Proposition 13.2.2. Let $(E, \normn{\cdot}_{E}, \le)$ be a Banach lattice, then:
For any $x \in E$, $\normn{\ |x|\ }_{E} = \normn{x}_{E}$.
For any $x \in E$, $\normn{x^+}_{E}, \normn{x^-}_{E} \le \normn{x}_{E}$.
For any $x \in E$ and positive linear functional $\phi \in E^{*}$,
\[\norm{\phi}_{E^*}= \sup\bracsn{\dpn{x, \phi}{E}|x \in E, x \ge 0, \norm{x}_E = 1}\]
Proof. (1): Let $x \in E$, then $|\ |x|\ | = |x|$, so $\normn{\ |x|\ }_{E} = \normn{x}_{E}$.
(2): Let $x \in E$, then $|x| = x^{+} + x^{-}$, so
\[\normn{x}_{E} = \normn{x^+ + x^-}_{E} \ge \normn{x^+}_{E}, \normn{x^-}_{E}\]

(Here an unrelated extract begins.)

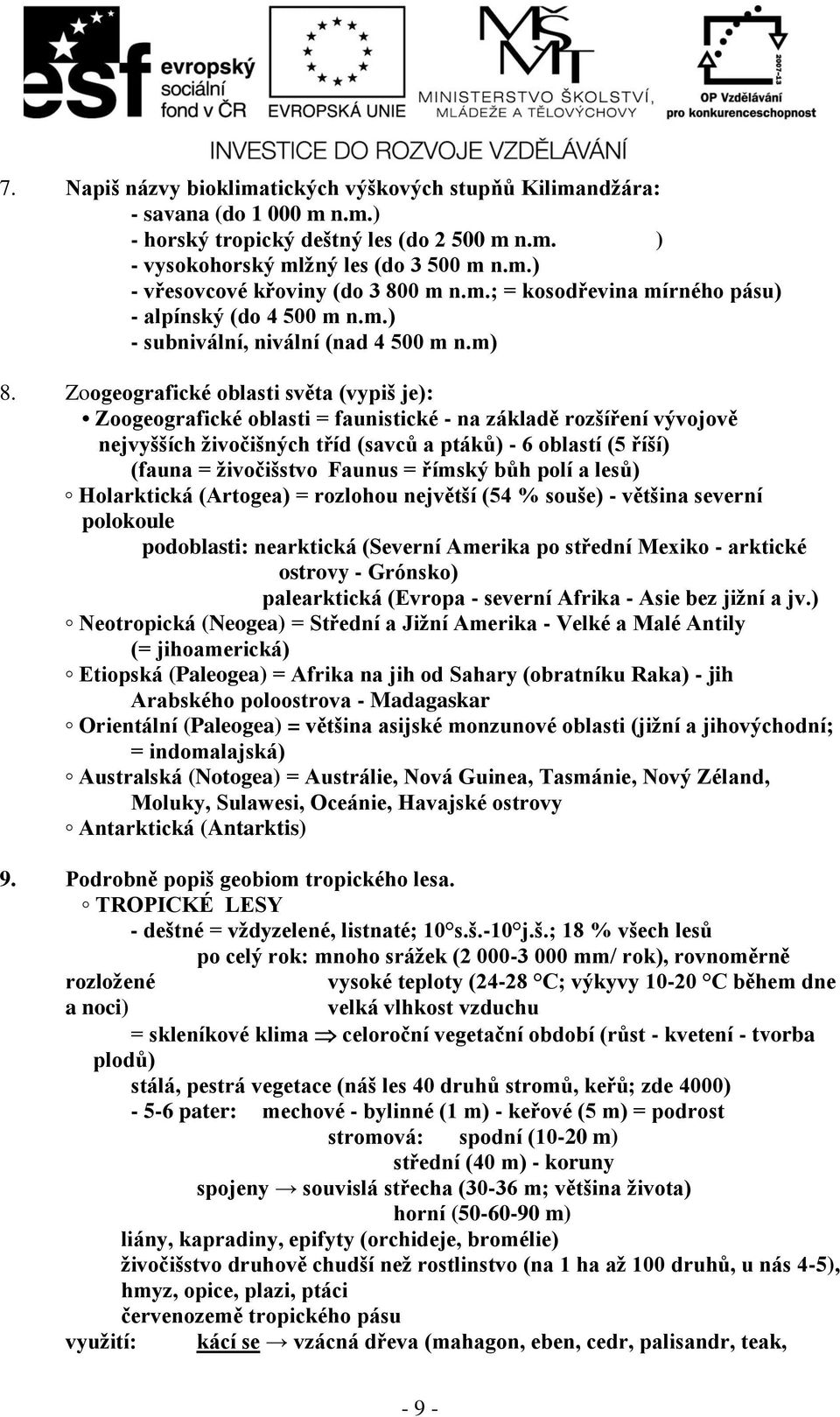 Zoogeografické oblasti světa (vypiš je): Zoogeografické oblasti = faunistické - na základě rozšíření vývojově nejvyšších živočišných tříd (savců a ptáků) - 6 oblastí (5 říší) (fauna = živočišstvo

(3): Since $|x| = x \vee (-x)$,
\[\norm{\phi}_{E^*}= \sup_{\substack{x \in E \\ \norm{x}_E = 1}}\dpn{x, \phi}{E}\le \sup_{\substack{x \in E \\ \norm{x}_E = 1}}\dpn{|x|, \phi}{E}\le \sup_{\substack{x \in E \\ x \ge 0 \\ \norm{x}_E = 1}}\dpn{x, \phi}{E}\le \norm{\phi}_{E^*}\]
$\square$